06.09c Bush's Success in Iraq, and Comparison with Vietnam. . Instapundit on March 4, 2004 quotes two emails he received, one on the astounding success of the Bush Administration's anti-terror policy, so successful that people have forgotten the problem (doesn't it remind you of Bush Senior's astounding success in Gulf War I?), and the other comparing it to the lack of success in Vietnam:
Bush seems to be falling victim to his own success. We have been so successful in the war on terror that the country doesn't see it as a war anymore. Consider the following: If you were told on 9/21/2001 that by this date:

The Taliban have fallen

Iraq has fallen and has become a bastion of free press in the islamic world.

Libya had given up its WMD's

North Korea is in multi-lateral talks about WMD's

A majority of the leadership of Al Queda are dead or in custody

Pro-democracy rumblings are going on in Iran

Arafat is isolated

Many convictions of domestic sleepers or Al Queda members (Portland, NY etc...) and finally

NO SUCCESSFUL TERROR ATTACKS ON US SOIL

And all of this has cost less than 1000 dead American soldiers.

You'd be thinking "not bad."
and from Jim Bennett,

The anti-war types keep comparing Iraq to Vietnam. This has made me think...

If less than a year after US troops first landed in Vietnam, they had occupied all of North Vietnam, had Ho Chi Minh and General Giap dead or in custody, had an interim government in place, and were preparing for free elections (which of course in actuality Vietnam still doesn't have forty years later), all for under five hundred combat casulaties, that wouldn't have been such a bad outcome.

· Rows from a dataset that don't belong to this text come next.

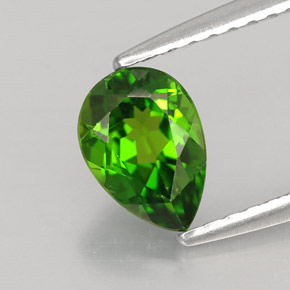 Diopside de chrome vert naturelle en forme de poire, 0,80 ct, VVS-VS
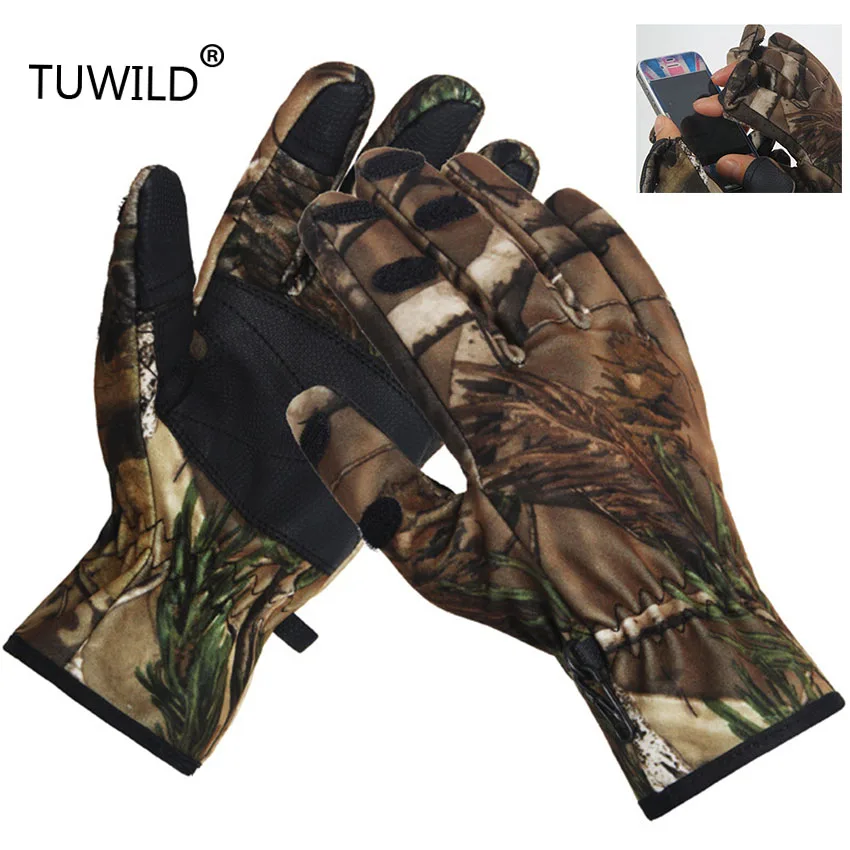 

Outdoor hunting photography all points finger touch screen gloves 3D camouflage invisible gloves CS camping points finger gloves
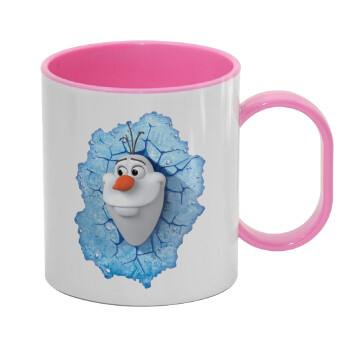 Frozen Olaf, Κούπα (πλαστική) (BPA-FREE) Polymer Ροζ για παιδιά, 330ml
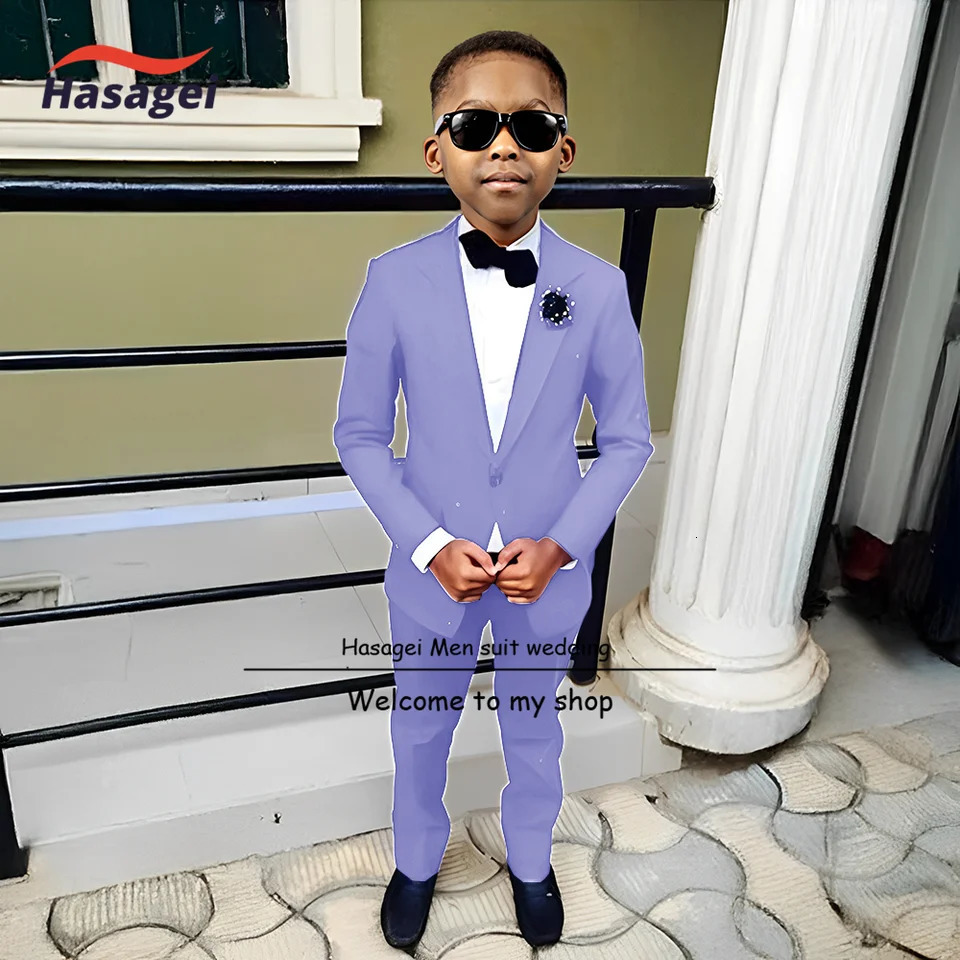 Royal Blue Boy Formal Suits Dinner Tuxedos Little Boy Groomsmen Kids Children for Wedding Party Prom Suit 2 Piece Set 251017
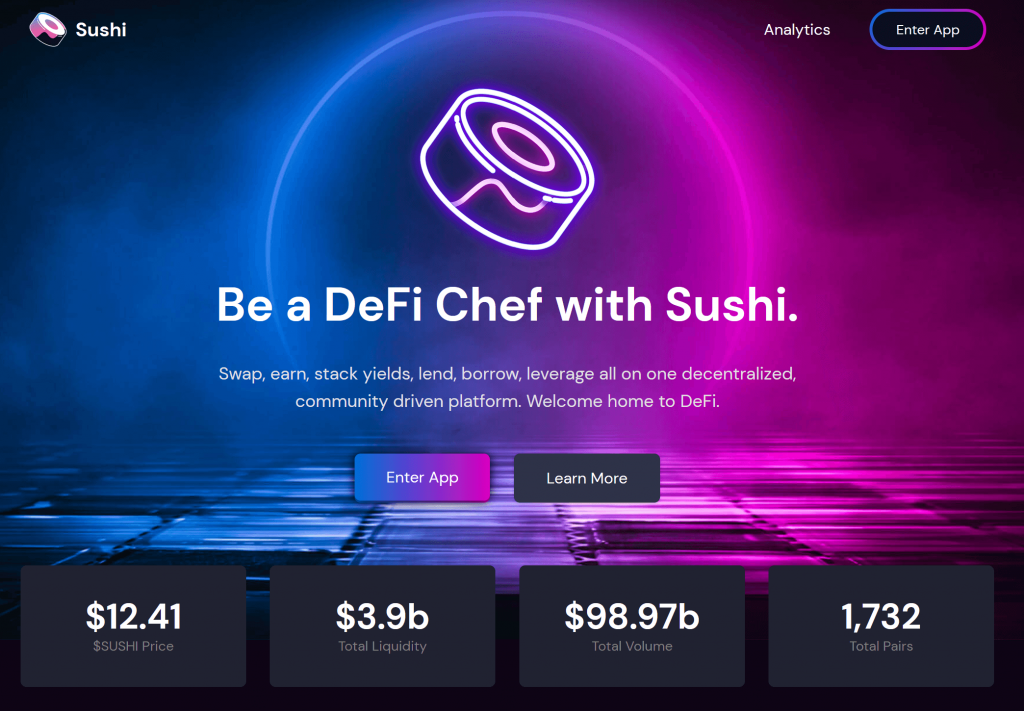 Sushi Dex Homepage
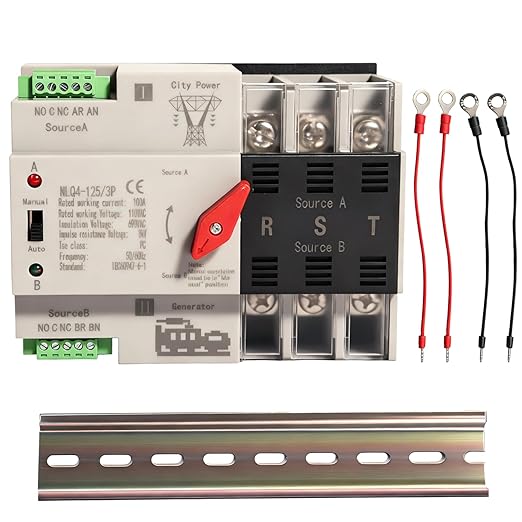 Mini ATS Automatic Transfer Switch Dual Power Changeover Switch 100A 110V Generator Electrical Selector Switches DIN Rail Mount 2P/3P Circuit Breaker Toggle Controller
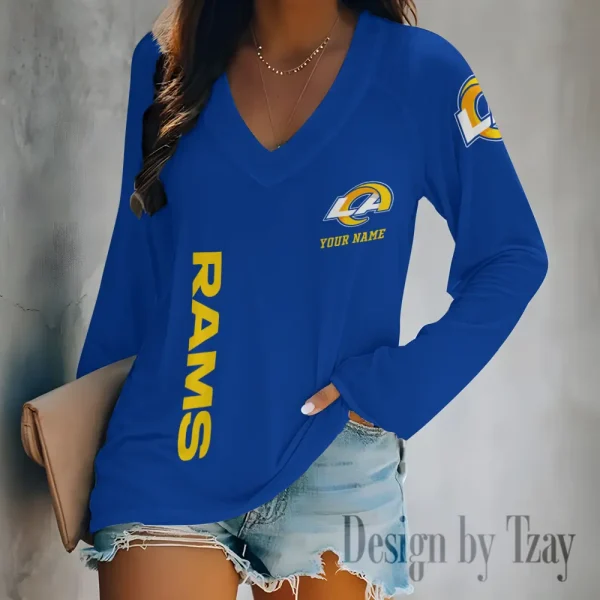 Los Angeles Rams Women's Long sleeves T-shirt V-neck Trending 2025 BGVPS316 - Image 5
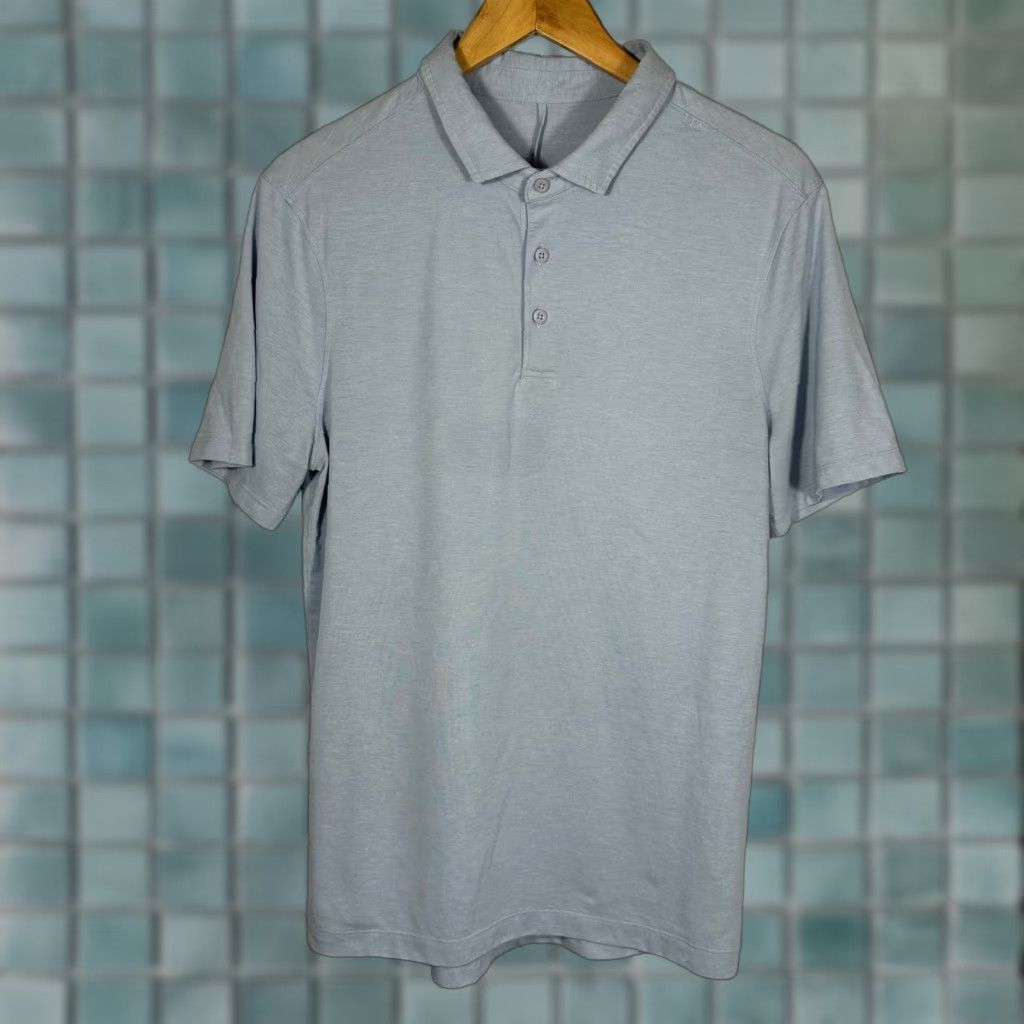 Lululemon Lululemon Polo Shirt Mens Light Blue Heathered Short Sleeve S Shirt Golf Gym Traveling Activewear Casual Boys Women? Size US S / EU 44-46 / 1 - 1 Thumbnail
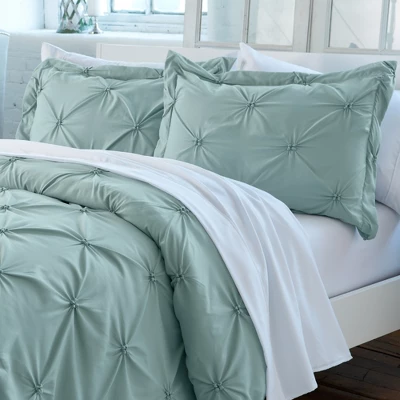 Great Bay Home Analia Brushed Microfiber Pintuck Duvet Cover Set 3 Great Bay Home Analia Brushed Microfiber Pintuck Duvet Cover Set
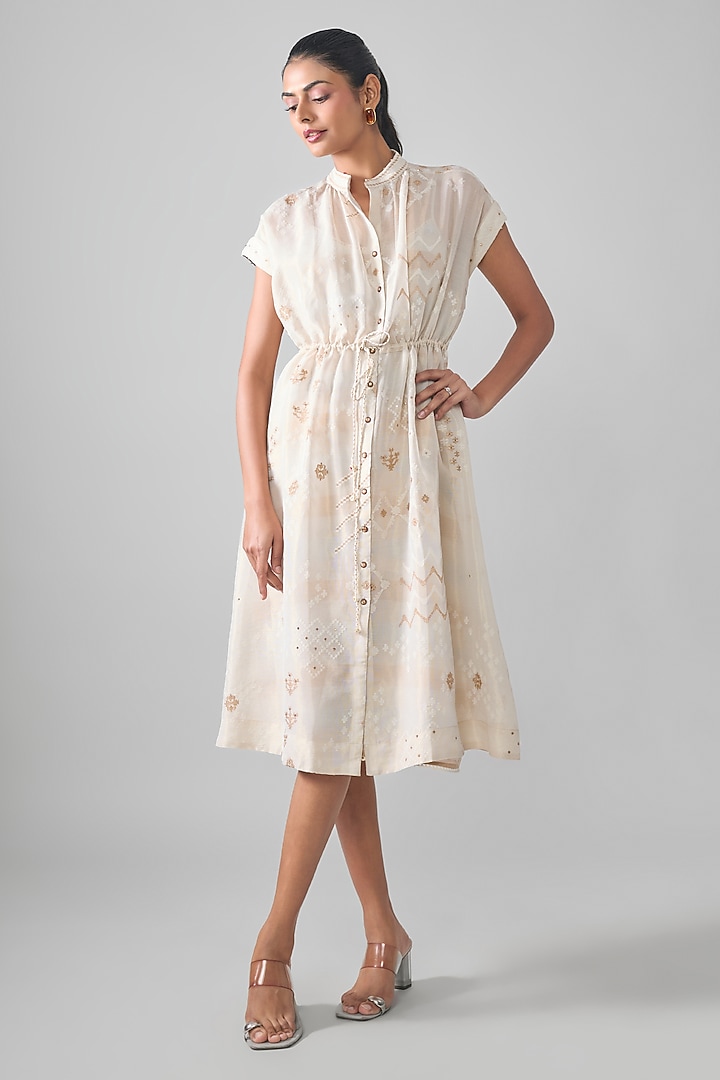 Ivory Mal Tissue Embroidered Midi Vacation Dress by SHRADDHA RAMBHIA at Pernia's Pop Up Shop
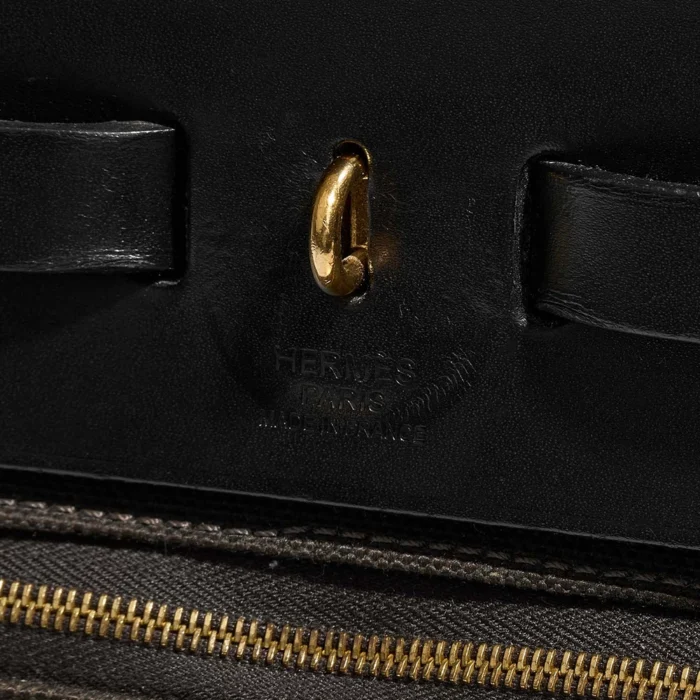 Mirror Quality Hermès Replicas Herbag 31 Toile/Vache Hunter Ebene/Black GHW - DLF - Image 2
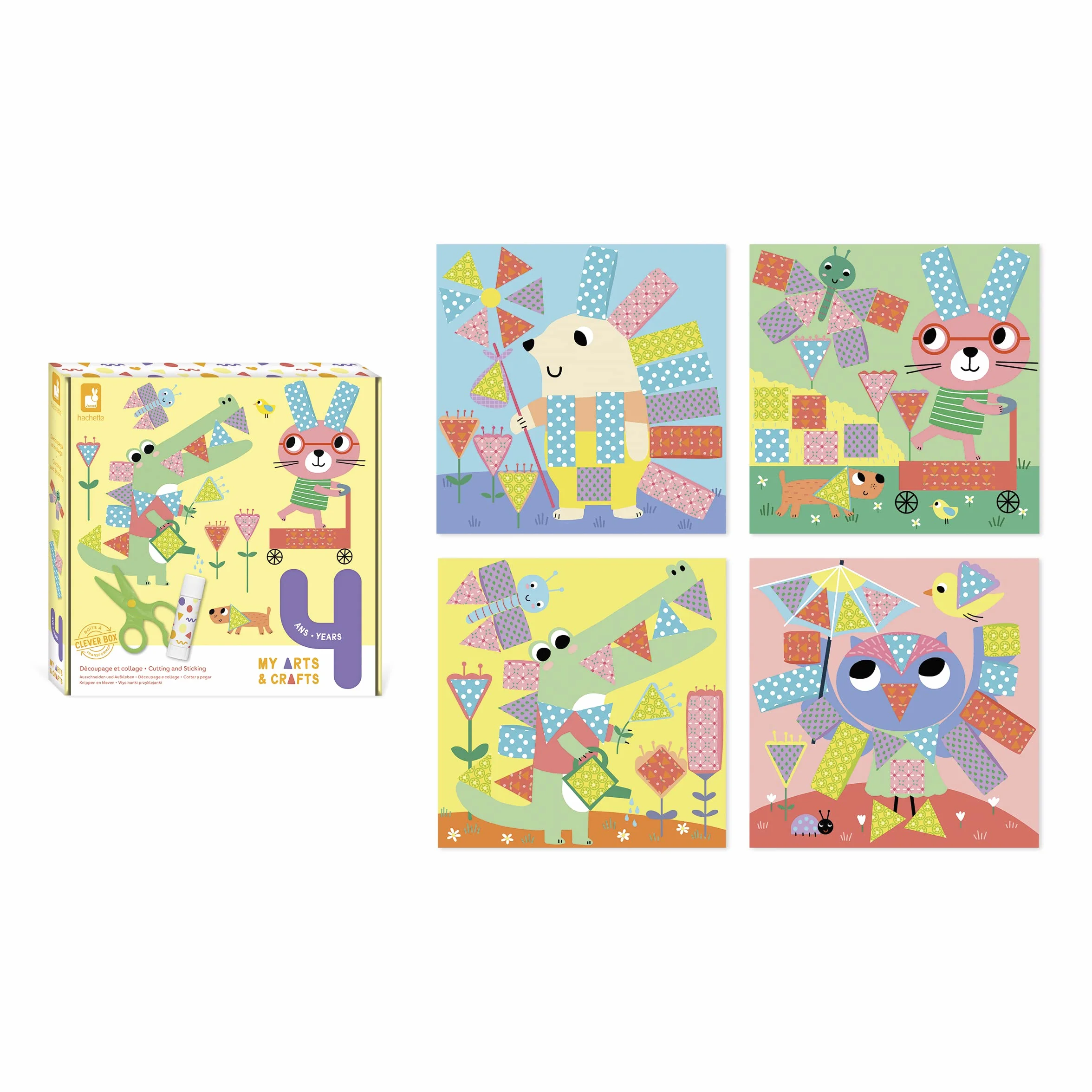 Janod Kit Découpage et Collage 4 Tableaux Dès 4 Ans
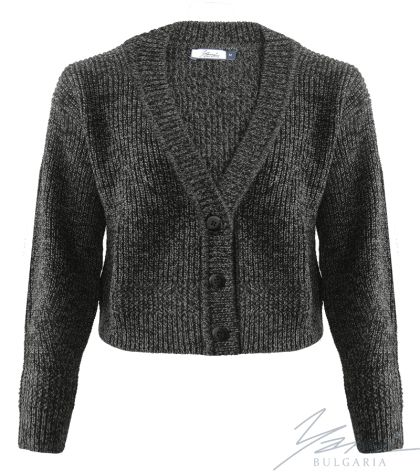 Női vastag gyapjú kardigán gombokkal szürke Melange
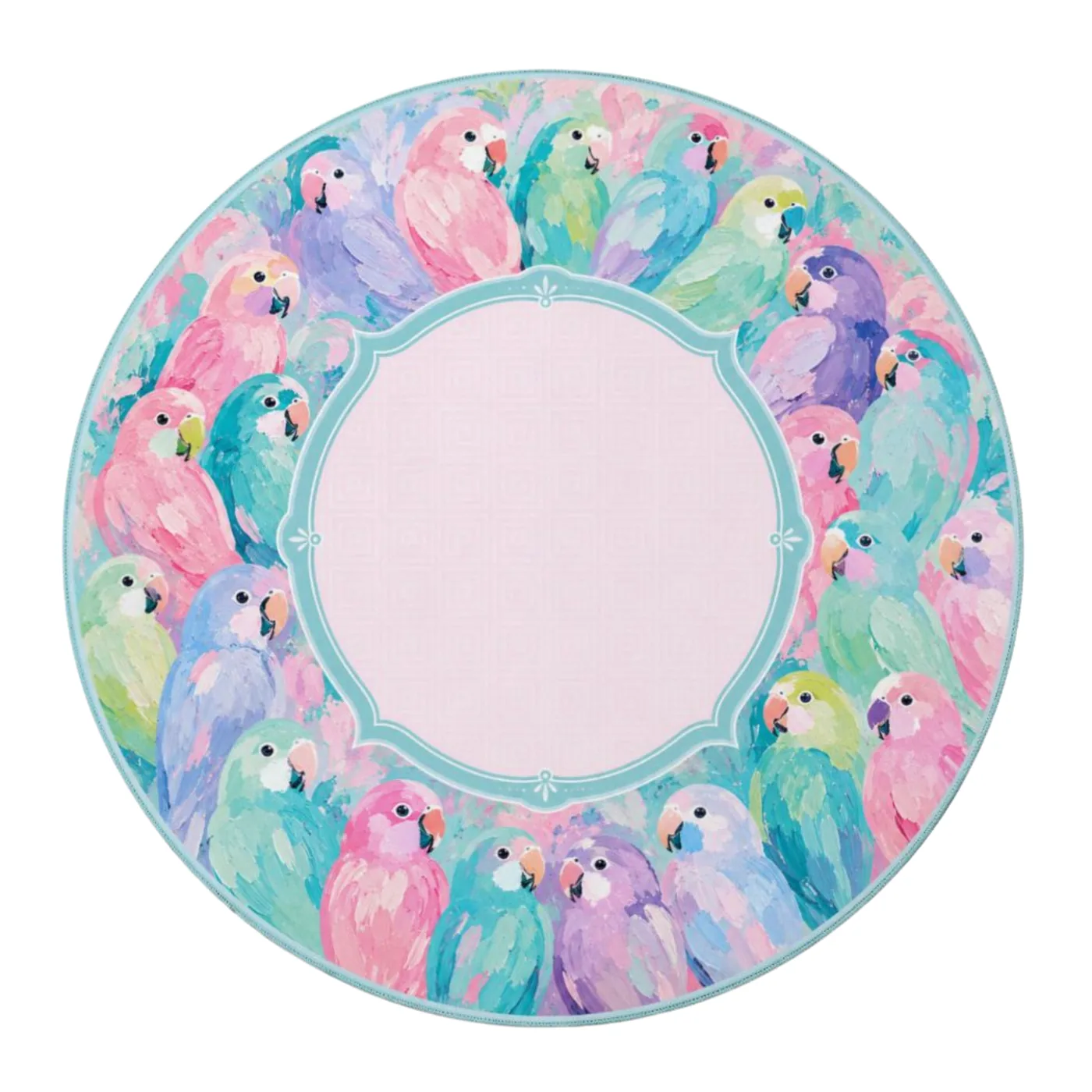 Pastel Parrot Round Mahjong Mat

Mr. Bennett goes on to say that Vietnam and the current war are not comparable. That's true in some ways, but false in others. In what is most important-- how the enemy could succeed-- the analogy is close: the enemy is relying on propaganda to win, abetted by disloyal liberals in America who further their propaganda by slanting the news, and the U.S. Administration is defensive hesitant to take strong action abroad and not presenting any clear definition of victory, perhaps because it knows that whatever it does will be subject to partisan attack at home.